Vinita Electric Company Learned Much From 2007 Ice Storm
VINITA, Oklahoma - Electric utilities are getting ready for what could be a rough couple of days.
One of them is the Northeast Oklahoma Electric Cooperative in Vinita, which says with each storm they learn something new.
The Northeast Oklahoma Electric co-op dispatch is something they didn't have back in 2007. But now, with extra dispatchers and a wall of monitors, they can better respond to outages.
Right now the monitors show no outages, but with the continued threat of a severe ice storm, that probably won't be the case for long.
Electric crews from the Northeast Oklahoma Electric Cooperative are stationed all around Craig, Delaware, Mayes and Ottawa counties - about 38,000 customers risk losing power if the ice storm is as bad as anticipated.
"Unfortunately, we can't read Mother Nature’s mind, so we're not quite sure what the weather will be for this area. We just have to be as prepared as we can," said Cindy Hefner with Northeast Electric Co-operative.
In 2007, Hefner said many customers were hit hard and lost power - in some cases for three weeks.
“Every storm is different and you can always learn from each storm," she said.
Over the last 10 years, the coop upgraded the monitoring system. Now, dispatchers can look at one big screen and see the outages and crews thanks to a digital meter system that automatically reports outages.
They've also bought new equipment that allows them to get into any brush-filled areas crews come across.
And all year, crews perform maintenance and upgrade work.

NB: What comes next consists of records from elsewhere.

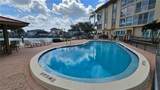 105 Island Way - Photo 28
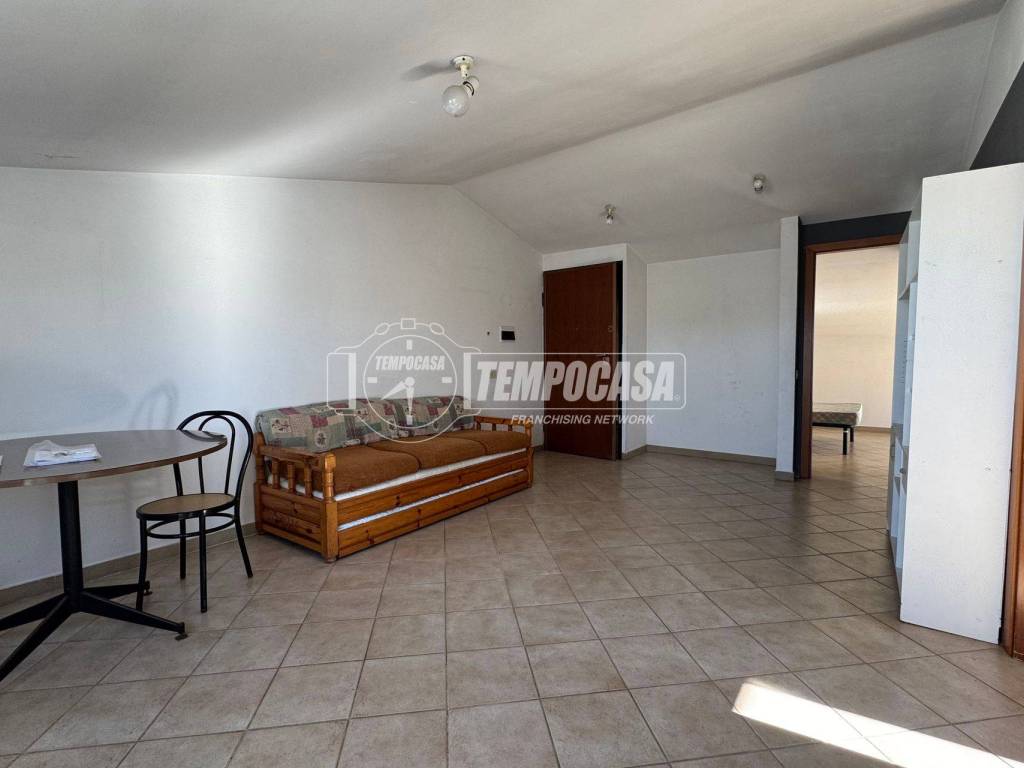 Appartamento a Anguillara sabazia in Via Diocleziano - Foto 4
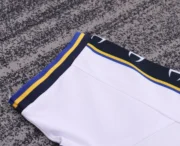 Kit de niño Parma retro 02/03 - Imagen 9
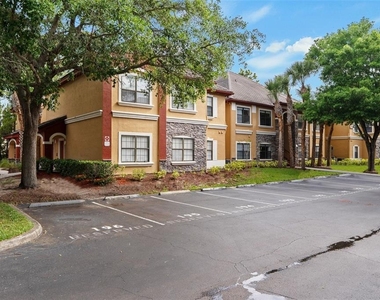 2141 Portofino Place - Photo Thumbnail 39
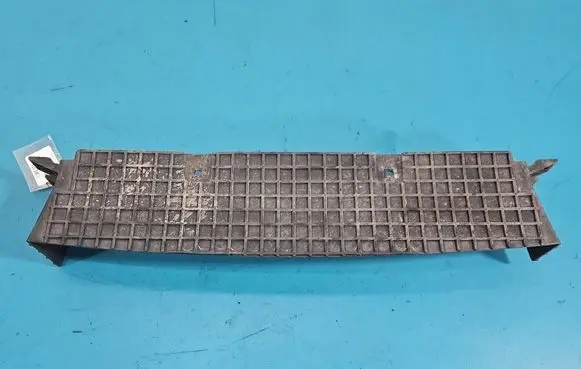 Hyundai i30 Center console 282722U030 IMPRK1563174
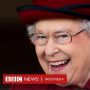 Ratu Elizabeth II Ulang Tahun ke-96, Apa yang Membuat Ratu Inggris Tertawa?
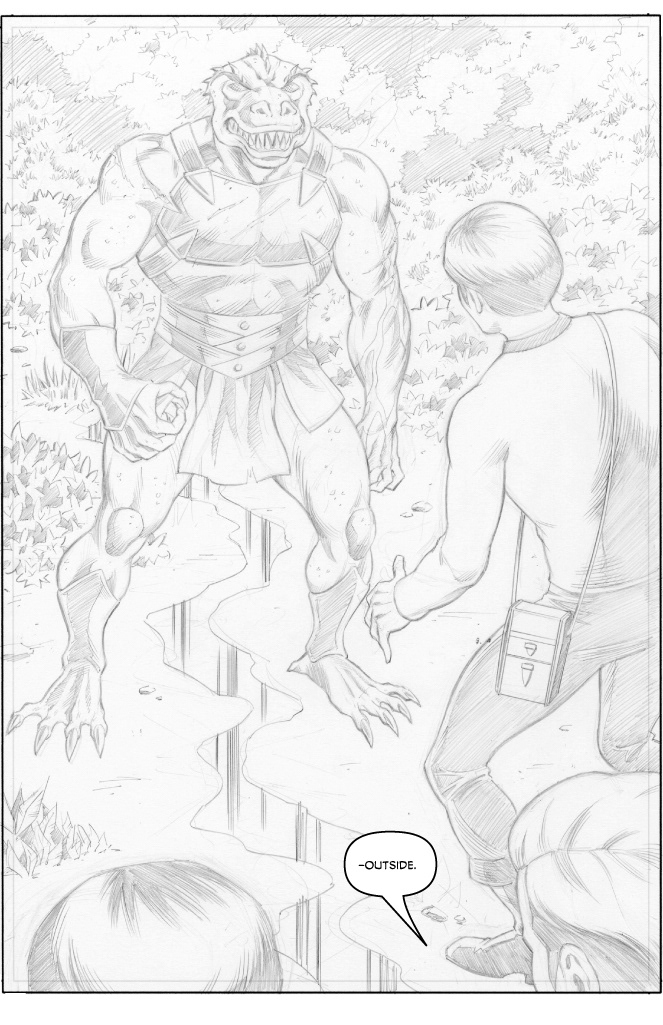Pg. 3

Hefner said, "We've installed taller poles, bigger poles around in diameter and also shorten the span of wire between the poles and, of course, that gives strength to the system and allows fewer outages."
Hefner said the upgrades are able to withstand a bit more, but the amount of ice is the main factor.
"If you get three inches of ice, you know, the system is coming down, it just can't stand up to certain conditions," she said.
Electric crews across the state, not just the rural ones, already have people on standby and plan to bring in additional crews.
But, the people here say if they have to they are ready to stay through it all.